Any picture in the data below gets skipped; print all the rest exactly.

_DATA BLOCK:_
++++
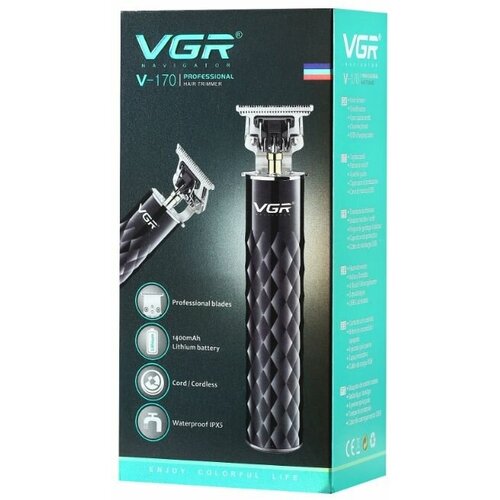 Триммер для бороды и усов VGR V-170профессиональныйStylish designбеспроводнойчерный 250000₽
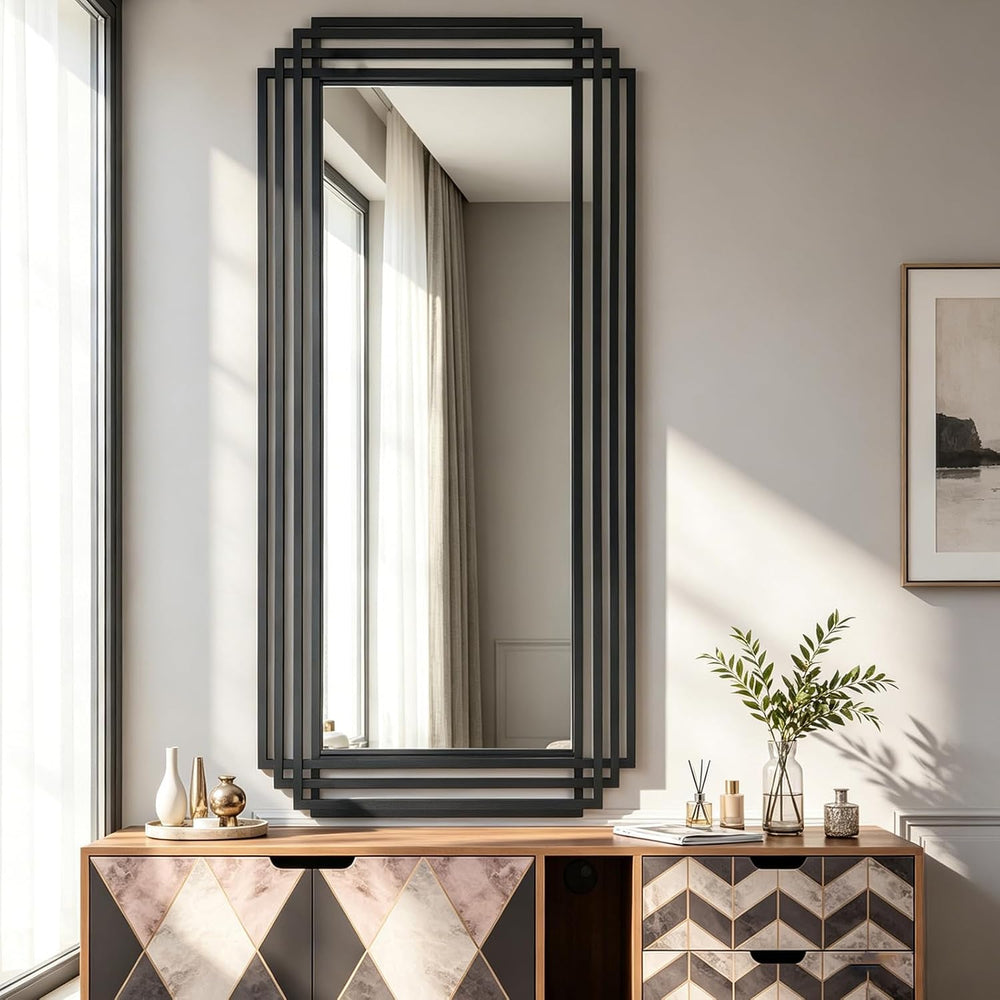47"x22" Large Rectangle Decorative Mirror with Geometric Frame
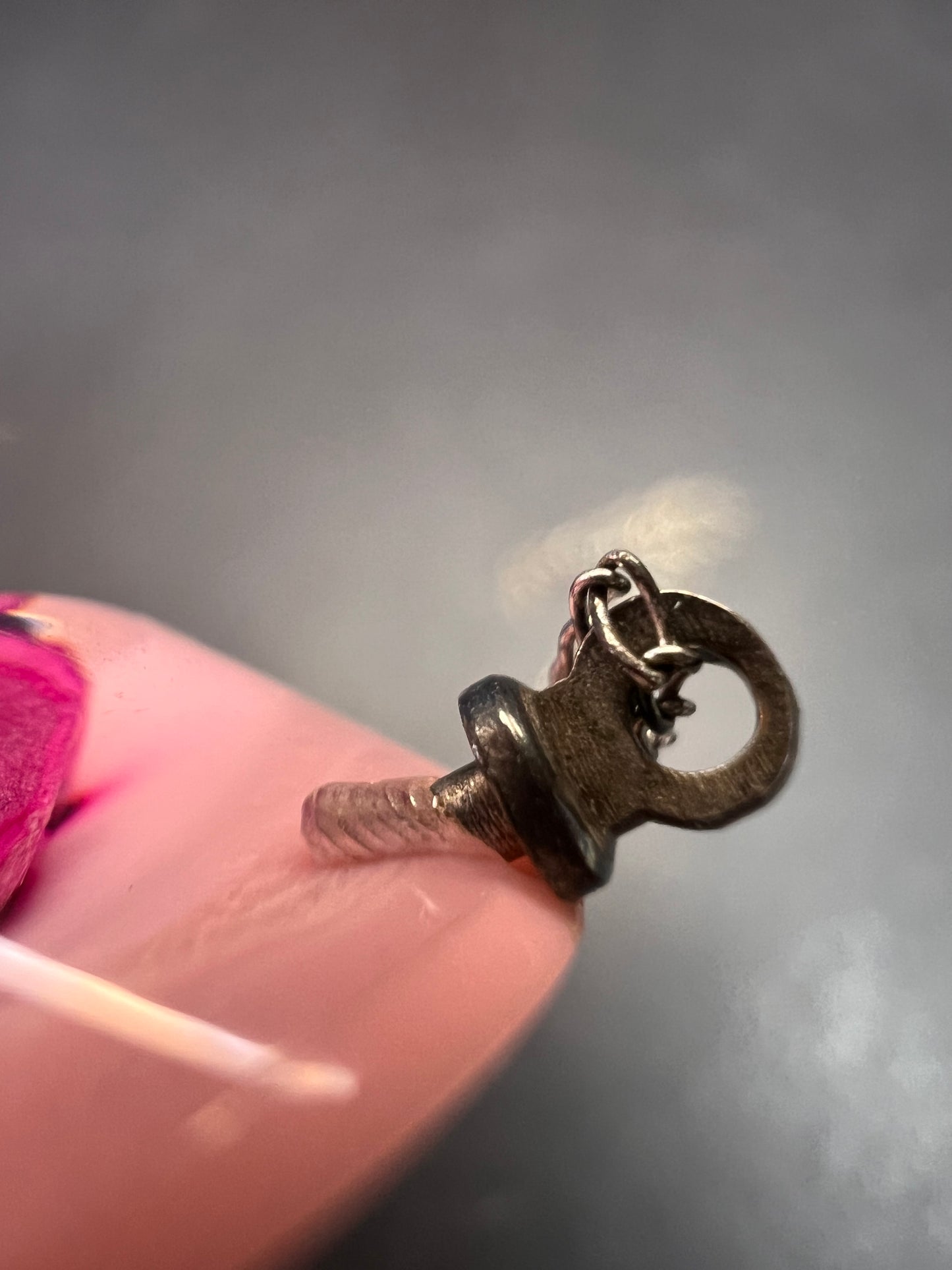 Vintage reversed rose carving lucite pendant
++++
_WRITTEN REPLY:_
 Триммер для бороды и усов VGR V-170профессиональныйStylish designбеспроводнойчерный 250000₽
47"x22" Large Rectangle Decorative Mirror with Geometric Frame
 Vintage reversed rose carving lucite pendant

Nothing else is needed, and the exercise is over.